- [YOUR OBJECTIVE] Would you please copy every line below that includes the string "Hotel"?

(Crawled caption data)
◇ ◇ ◇

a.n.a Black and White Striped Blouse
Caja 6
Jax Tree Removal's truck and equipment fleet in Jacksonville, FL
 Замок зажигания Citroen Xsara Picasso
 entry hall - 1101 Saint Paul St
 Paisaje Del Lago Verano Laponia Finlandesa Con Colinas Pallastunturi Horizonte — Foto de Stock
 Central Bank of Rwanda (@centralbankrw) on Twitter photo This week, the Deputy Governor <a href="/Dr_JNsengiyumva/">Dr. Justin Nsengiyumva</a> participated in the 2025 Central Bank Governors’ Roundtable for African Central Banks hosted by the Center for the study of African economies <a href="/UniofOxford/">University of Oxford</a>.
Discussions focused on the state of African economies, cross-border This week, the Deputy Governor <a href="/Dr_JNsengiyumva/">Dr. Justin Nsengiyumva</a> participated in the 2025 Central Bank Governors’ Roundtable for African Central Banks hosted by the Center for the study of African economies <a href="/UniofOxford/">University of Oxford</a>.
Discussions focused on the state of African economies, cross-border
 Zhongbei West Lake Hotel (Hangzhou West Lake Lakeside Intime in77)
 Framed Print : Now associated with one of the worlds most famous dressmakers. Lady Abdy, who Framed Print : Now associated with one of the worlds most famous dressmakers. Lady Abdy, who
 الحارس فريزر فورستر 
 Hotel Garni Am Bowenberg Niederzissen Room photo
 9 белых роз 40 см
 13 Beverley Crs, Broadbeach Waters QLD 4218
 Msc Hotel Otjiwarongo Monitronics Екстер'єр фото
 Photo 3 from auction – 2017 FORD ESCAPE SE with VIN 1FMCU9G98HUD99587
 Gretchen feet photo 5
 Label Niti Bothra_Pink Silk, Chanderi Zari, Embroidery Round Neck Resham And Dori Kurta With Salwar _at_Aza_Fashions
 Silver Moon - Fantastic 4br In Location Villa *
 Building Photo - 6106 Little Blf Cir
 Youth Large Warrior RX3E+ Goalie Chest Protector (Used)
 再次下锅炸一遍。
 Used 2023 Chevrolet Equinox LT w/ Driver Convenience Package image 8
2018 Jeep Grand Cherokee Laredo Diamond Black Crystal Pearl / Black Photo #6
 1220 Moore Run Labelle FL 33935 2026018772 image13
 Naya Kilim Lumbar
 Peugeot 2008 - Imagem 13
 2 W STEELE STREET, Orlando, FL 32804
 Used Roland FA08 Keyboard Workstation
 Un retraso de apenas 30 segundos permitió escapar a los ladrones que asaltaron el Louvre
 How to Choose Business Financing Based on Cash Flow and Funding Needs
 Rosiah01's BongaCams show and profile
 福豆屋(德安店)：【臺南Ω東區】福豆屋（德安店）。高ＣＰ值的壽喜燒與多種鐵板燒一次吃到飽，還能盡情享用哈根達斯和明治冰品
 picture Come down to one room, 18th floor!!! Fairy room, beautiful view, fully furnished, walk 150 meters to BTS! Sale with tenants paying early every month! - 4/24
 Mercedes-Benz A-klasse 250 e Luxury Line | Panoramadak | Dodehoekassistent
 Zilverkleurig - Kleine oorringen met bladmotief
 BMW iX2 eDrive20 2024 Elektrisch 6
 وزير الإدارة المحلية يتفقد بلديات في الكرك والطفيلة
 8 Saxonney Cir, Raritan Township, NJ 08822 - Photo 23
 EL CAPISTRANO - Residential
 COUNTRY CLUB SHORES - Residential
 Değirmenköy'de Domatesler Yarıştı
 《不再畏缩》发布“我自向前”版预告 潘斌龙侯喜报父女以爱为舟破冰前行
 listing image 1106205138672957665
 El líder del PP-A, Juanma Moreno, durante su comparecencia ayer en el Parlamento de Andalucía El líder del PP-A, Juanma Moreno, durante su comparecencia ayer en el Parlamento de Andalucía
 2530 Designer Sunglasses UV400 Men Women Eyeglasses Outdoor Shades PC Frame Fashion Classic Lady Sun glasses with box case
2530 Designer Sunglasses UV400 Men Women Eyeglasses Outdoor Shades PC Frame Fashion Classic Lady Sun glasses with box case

◇ ◇ ◇

- [ANSWER SPACE]
 Zhongbei West Lake Hotel (Hangzhou West Lake Lakeside Intime in77)
 Hotel Garni Am Bowenberg Niederzissen Room photo
 Msc Hotel Otjiwarongo Monitronics Екстер'єр фото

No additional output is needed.